I cried tonight. Which is a shame because really I should be over this shit.
But I saw my ex last night. And I have so much hatred for him inside of me still. He never apologized for so many terrible things he did, yet he expects me to treat him nicely and be cool when he’s around. I’m supposed to let him play beer pong with me, like we’re all good. I’m supposed to let him sit in the same room as me, like he didn’t hurt me repeatedly. I’m supposed to be polite, like he deserves it. When really, I just want to hurl heavy objects at him until he disappears because he is a bad, bad person.

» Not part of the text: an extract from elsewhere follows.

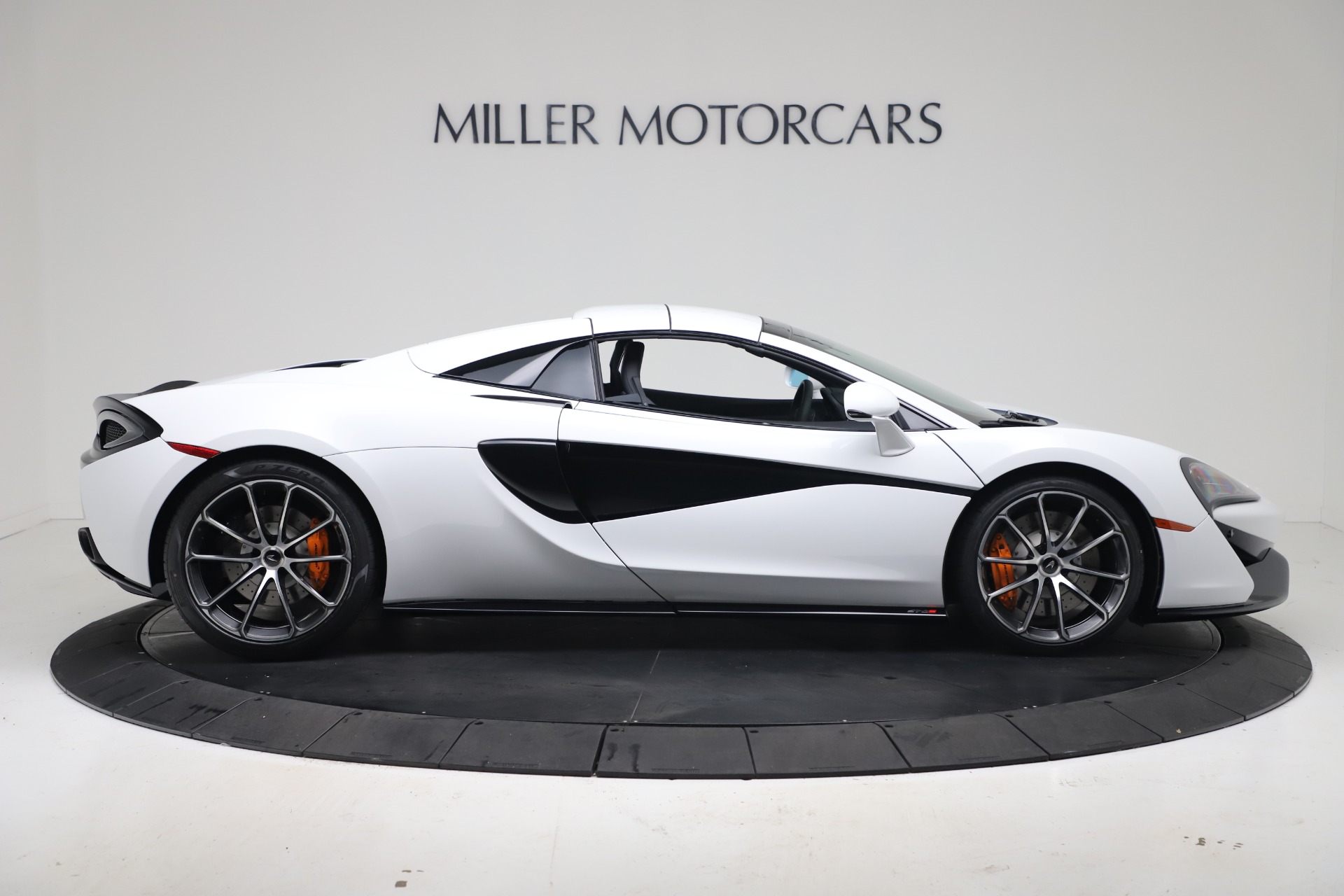 New-2020-McLaren-570S-Spider-Convertible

When I got home, I saw that he’d texted me, passing judgement on my life and acting superior to me because he has a girlfriend. He seems to think that I am “desperate” and “sad” because I dance with my friends in bars and those friends happen to be male. I responded with all the nonchalance of drunkenness.
But this morning, when I had to wake up to go into work on my weekend, I was filled with hatred. So I texted an addendum that was biting and mean. And when I was sitting through boring professional development, he and I threw insults back and forth. Trying to hurt each other some more. Because you can never have too much of that.

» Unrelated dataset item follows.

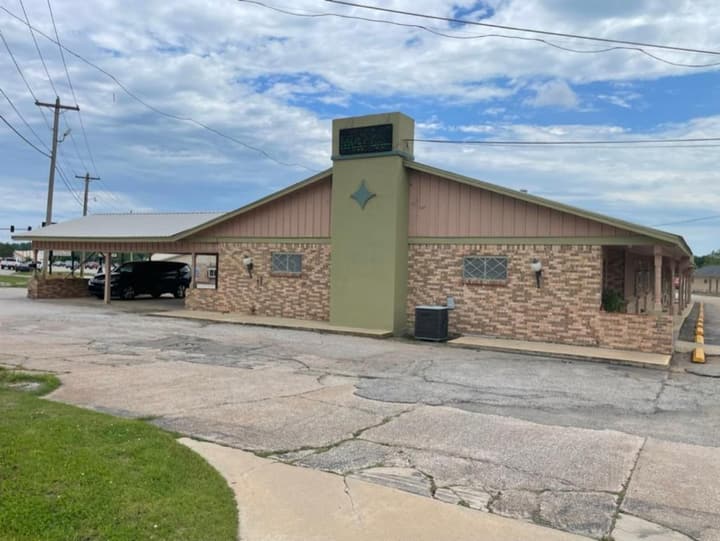 Village Inn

It’s really quite ironic when he tries to make me jealous of his relationship. I could have a relationship if I so desired… He actually asked me today why I don’t have a boyfriend yet. I didn’t answer him honestly because he doesn’t deserve any answers from me. But the truth of the matter is that he is the reason I don’t have a boyfriend yet. I am so absolutely petrified that it’s going to be the same story. I am so scared of being hurt again. I’ve got all sorts of walls up around me after all his shit. And every time we communicate, the walls go up a little higher. Because fuck all if relationships aren’t just a pair of people trying to get away with as much selfishness as possible, with a chintzy facade of love to justify it all.
Deep breath. The bitterness will pass. Inshaallah.